What you return must match the listing exactly, with every image removed.

Data below
▼

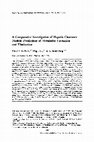 Research paper thumbnail of A comparative investigation of hepatic clearance models: Predictions of metabolite formation and elimination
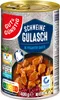 Gut & Günstig Schweine Gulasch in pikanter Sauce (400g Produktbild-Vorschau 2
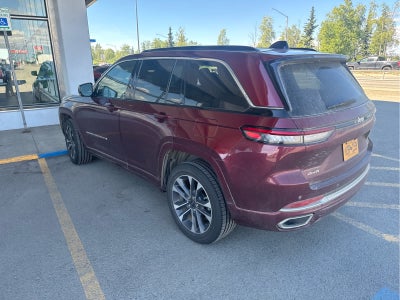 2025 Jeep Grand Cherokee Overland 4x4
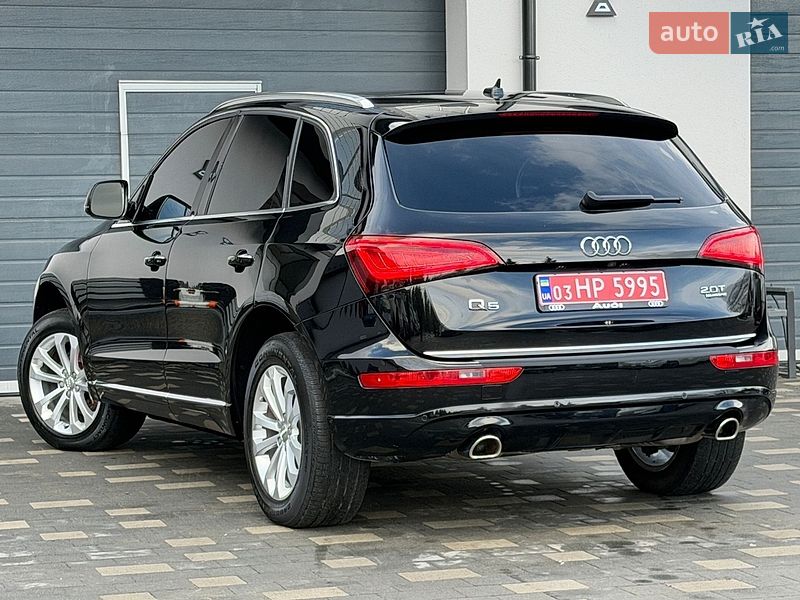 Позашляховик / Кросовер Audi Q5 2015 в Дрогобичі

▲

Result of this exercise
 Research paper thumbnail of A comparative investigation of hepatic clearance models: Predictions of metabolite formation and elimination
 Gut & Günstig Schweine Gulasch in pikanter Sauce (400g Produktbild-Vorschau 2
 2025 Jeep Grand Cherokee Overland 4x4
 Позашляховик / Кросовер Audi Q5 2015 в Дрогобичі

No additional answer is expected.